• Collected material:
BEGIN

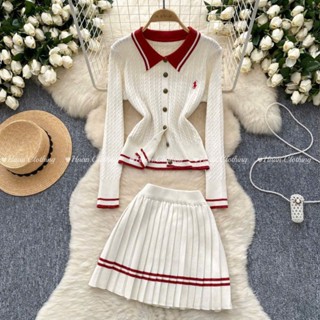 HA5447 [Order] Set thời trang nữ gồm áo len cổ polo dài tay + chân váy xếp ly viền đỏ siêu xinh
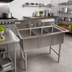 Thumbnail image #2 for Klinger's Trading Economy 41-Inch Three-Compartment Stainless Steel Sink Without Drainboards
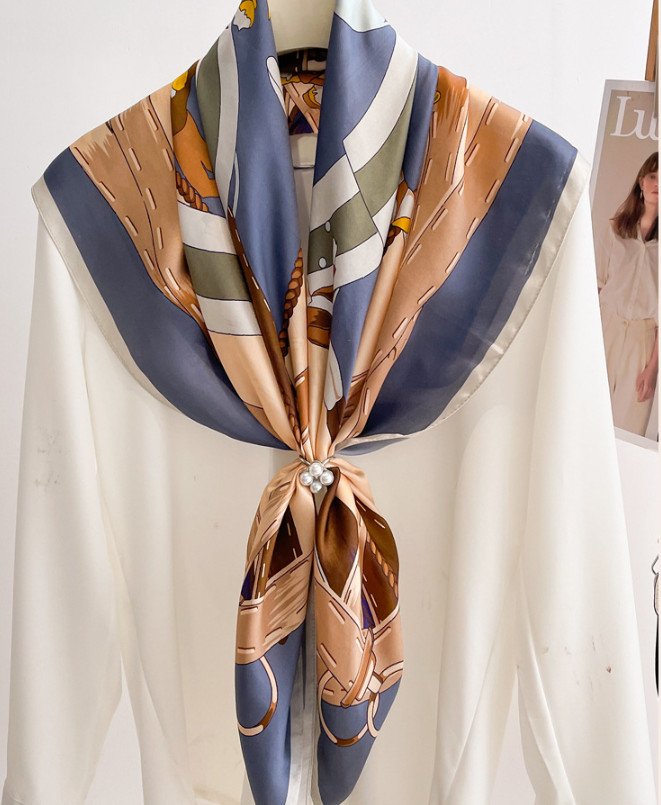 100% Mulberry Silk 35” Scarf Neckerchief Square calabash Print Shawl Bandanna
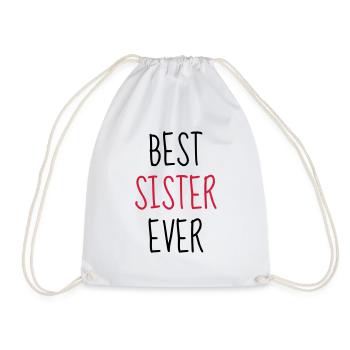 Sister - Friend - Brother - Baby - Birth - Sis - Drawstring Bag - white - Front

END

• What you will do: Please output the lines from the line that holds "100% Mulberry Silk" through the final line of the material above, both included. Each line must match exactly, and pictures must be excluded.

• Exercise result:
 100% Mulberry Silk 35” Scarf Neckerchief Square calabash Print Shawl Bandanna
 Sister - Friend - Brother - Baby - Birth - Sis - Drawstring Bag - white - Front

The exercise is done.